## Work instruction
Your answer should be the lines below from the one holding "Volkswagen Tayron 2.0" through the one holding "Black and Cream", copied exactly and with nothing else.

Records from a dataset
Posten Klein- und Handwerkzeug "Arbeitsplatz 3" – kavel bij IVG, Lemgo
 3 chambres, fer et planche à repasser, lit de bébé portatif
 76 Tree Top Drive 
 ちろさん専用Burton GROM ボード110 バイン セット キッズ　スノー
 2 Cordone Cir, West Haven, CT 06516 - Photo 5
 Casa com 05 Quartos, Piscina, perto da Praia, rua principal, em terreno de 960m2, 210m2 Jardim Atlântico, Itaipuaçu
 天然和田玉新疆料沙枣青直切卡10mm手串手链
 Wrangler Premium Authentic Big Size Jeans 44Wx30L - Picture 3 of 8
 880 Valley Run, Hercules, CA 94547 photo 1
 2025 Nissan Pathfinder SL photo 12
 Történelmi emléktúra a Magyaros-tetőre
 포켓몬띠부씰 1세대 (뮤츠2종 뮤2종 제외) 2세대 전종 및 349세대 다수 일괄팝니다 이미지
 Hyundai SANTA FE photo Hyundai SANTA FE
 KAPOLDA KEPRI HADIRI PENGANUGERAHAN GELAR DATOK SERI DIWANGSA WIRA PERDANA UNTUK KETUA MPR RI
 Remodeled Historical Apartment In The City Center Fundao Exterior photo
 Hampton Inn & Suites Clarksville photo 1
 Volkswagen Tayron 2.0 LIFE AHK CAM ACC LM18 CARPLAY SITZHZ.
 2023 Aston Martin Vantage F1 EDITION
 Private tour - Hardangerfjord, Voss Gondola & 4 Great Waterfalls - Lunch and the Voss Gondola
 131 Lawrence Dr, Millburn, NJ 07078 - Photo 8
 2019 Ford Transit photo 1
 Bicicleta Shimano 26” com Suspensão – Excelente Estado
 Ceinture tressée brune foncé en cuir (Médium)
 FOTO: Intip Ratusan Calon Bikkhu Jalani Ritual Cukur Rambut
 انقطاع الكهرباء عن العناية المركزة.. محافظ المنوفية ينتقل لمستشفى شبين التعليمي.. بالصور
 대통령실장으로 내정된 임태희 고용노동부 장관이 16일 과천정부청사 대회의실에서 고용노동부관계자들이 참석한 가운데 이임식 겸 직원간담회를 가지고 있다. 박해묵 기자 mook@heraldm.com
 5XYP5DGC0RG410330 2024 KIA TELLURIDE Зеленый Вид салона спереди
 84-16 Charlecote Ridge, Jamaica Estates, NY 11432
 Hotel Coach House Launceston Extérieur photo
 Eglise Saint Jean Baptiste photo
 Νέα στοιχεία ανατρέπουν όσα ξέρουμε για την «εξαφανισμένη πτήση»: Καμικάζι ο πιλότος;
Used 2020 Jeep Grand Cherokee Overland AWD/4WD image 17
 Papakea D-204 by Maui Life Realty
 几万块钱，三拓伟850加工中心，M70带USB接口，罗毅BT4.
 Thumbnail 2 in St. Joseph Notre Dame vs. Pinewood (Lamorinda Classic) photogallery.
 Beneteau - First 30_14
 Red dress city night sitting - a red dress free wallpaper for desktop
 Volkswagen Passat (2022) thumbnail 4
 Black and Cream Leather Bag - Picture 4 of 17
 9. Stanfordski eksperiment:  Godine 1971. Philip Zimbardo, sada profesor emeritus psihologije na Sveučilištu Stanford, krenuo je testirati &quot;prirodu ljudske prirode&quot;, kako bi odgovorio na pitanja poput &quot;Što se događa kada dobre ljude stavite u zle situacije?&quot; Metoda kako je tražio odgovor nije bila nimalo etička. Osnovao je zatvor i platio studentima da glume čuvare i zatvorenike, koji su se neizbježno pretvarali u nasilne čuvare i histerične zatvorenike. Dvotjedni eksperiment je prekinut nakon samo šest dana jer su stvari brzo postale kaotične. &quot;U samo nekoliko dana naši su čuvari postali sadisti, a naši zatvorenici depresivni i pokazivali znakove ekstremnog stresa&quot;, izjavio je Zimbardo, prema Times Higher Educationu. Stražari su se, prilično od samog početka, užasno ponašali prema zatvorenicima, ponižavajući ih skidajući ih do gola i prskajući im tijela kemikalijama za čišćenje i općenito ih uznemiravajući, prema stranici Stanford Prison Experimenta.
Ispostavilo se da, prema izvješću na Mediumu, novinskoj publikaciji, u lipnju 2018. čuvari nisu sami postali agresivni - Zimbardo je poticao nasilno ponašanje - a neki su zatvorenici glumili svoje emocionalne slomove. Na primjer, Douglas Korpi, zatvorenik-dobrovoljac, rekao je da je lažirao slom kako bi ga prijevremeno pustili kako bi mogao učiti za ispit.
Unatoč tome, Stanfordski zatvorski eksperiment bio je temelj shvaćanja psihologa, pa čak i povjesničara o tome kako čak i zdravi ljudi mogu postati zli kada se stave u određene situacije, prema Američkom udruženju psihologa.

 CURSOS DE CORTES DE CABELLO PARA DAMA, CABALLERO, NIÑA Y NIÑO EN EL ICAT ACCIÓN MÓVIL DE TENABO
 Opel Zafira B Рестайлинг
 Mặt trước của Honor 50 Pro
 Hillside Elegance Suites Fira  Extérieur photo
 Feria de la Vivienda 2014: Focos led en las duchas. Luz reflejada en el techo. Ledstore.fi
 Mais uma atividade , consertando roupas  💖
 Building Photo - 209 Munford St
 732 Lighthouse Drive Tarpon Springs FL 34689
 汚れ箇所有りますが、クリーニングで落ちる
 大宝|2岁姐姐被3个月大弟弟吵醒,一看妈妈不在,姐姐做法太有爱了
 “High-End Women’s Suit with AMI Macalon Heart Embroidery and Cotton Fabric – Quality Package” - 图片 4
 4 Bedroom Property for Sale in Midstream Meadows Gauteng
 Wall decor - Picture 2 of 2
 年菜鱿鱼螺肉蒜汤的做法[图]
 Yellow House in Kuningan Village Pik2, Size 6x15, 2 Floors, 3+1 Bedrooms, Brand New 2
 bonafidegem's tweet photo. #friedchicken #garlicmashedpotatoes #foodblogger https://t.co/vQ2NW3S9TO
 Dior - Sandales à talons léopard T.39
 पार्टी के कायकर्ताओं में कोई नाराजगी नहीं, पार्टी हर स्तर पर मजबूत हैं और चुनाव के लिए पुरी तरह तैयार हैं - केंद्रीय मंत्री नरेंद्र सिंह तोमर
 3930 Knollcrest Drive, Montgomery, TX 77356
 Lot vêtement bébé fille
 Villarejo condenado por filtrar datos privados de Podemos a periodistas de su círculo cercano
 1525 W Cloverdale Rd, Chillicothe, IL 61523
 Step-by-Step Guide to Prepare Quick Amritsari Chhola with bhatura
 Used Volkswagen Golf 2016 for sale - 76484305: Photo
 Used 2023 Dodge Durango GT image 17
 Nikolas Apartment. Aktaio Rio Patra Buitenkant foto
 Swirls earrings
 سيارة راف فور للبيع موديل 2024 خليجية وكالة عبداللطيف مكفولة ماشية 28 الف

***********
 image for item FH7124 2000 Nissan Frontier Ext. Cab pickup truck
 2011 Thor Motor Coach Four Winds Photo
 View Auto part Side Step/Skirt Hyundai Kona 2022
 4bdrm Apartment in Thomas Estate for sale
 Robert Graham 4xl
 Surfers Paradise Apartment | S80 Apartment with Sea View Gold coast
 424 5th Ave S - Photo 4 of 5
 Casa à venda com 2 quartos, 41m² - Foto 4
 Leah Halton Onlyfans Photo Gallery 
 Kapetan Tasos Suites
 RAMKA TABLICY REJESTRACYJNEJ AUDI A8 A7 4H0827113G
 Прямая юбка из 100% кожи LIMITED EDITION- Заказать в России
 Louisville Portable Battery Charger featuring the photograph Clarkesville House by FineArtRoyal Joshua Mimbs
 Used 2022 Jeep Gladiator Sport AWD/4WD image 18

## Worked solution
 Volkswagen Tayron 2.0 LIFE AHK CAM ACC LM18 CARPLAY SITZHZ.
 2023 Aston Martin Vantage F1 EDITION
 Private tour - Hardangerfjord, Voss Gondola & 4 Great Waterfalls - Lunch and the Voss Gondola
 131 Lawrence Dr, Millburn, NJ 07078 - Photo 8
 2019 Ford Transit photo 1
 Bicicleta Shimano 26” com Suspensão – Excelente Estado
 Ceinture tressée brune foncé en cuir (Médium)
 FOTO: Intip Ratusan Calon Bikkhu Jalani Ritual Cukur Rambut
 انقطاع الكهرباء عن العناية المركزة.. محافظ المنوفية ينتقل لمستشفى شبين التعليمي.. بالصور
 대통령실장으로 내정된 임태희 고용노동부 장관이 16일 과천정부청사 대회의실에서 고용노동부관계자들이 참석한 가운데 이임식 겸 직원간담회를 가지고 있다. 박해묵 기자 mook@heraldm.com
 5XYP5DGC0RG410330 2024 KIA TELLURIDE Зеленый Вид салона спереди
 84-16 Charlecote Ridge, Jamaica Estates, NY 11432
 Hotel Coach House Launceston Extérieur photo
 Eglise Saint Jean Baptiste photo
 Νέα στοιχεία ανατρέπουν όσα ξέρουμε για την «εξαφανισμένη πτήση»: Καμικάζι ο πιλότος;
Used 2020 Jeep Grand Cherokee Overland AWD/4WD image 17
 Papakea D-204 by Maui Life Realty
 几万块钱，三拓伟850加工中心，M70带USB接口，罗毅BT4.
 Thumbnail 2 in St. Joseph Notre Dame vs. Pinewood (Lamorinda Classic) photogallery.
 Beneteau - First 30_14
 Red dress city night sitting - a red dress free wallpaper for desktop
 Volkswagen Passat (2022) thumbnail 4
 Black and Cream Leather Bag - Picture 4 of 17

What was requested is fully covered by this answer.